=== Raw data ===
- - -
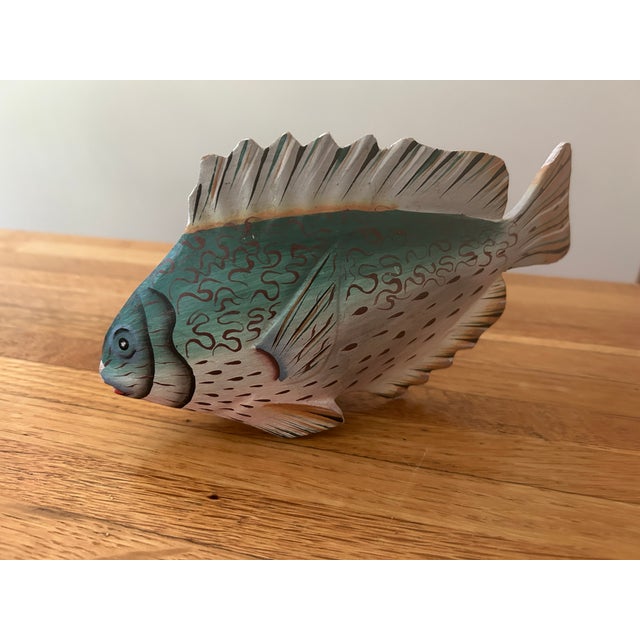 1980s Set of Seven Hand-Carved & Hand-Painted Tropical Wooden Fish Art For Sale - Image 5 of 8
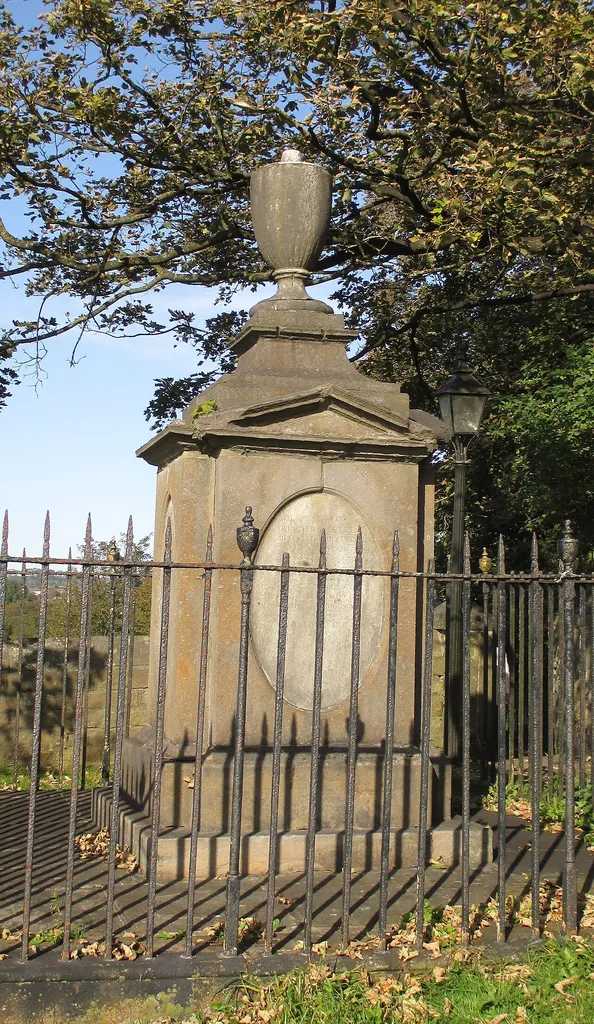 The Rawlinson Memorial in the churchyard of Lancaster Priory.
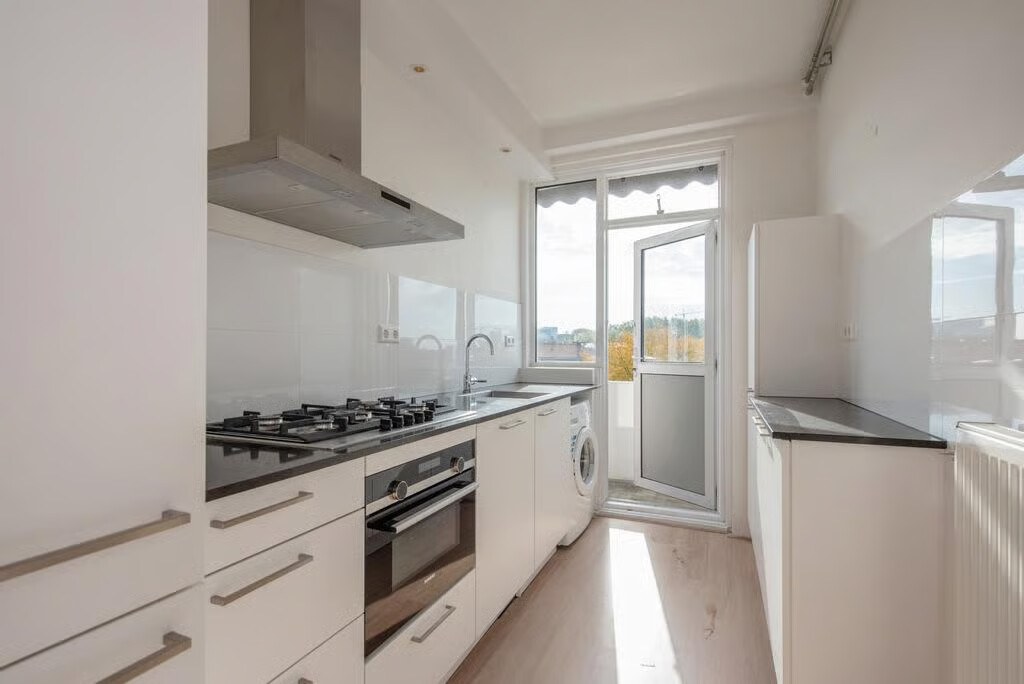 Appartement te koop: Koningin Julianalaan 192, Voorburg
- - -
=== Problem ===
Transcribe all of the material exactly, leaving out whatever pictures it contains.

=== Task response ===
 1980s Set of Seven Hand-Carved & Hand-Painted Tropical Wooden Fish Art For Sale - Image 5 of 8
 The Rawlinson Memorial in the churchyard of Lancaster Priory.
 Appartement te koop: Koningin Julianalaan 192, Voorburg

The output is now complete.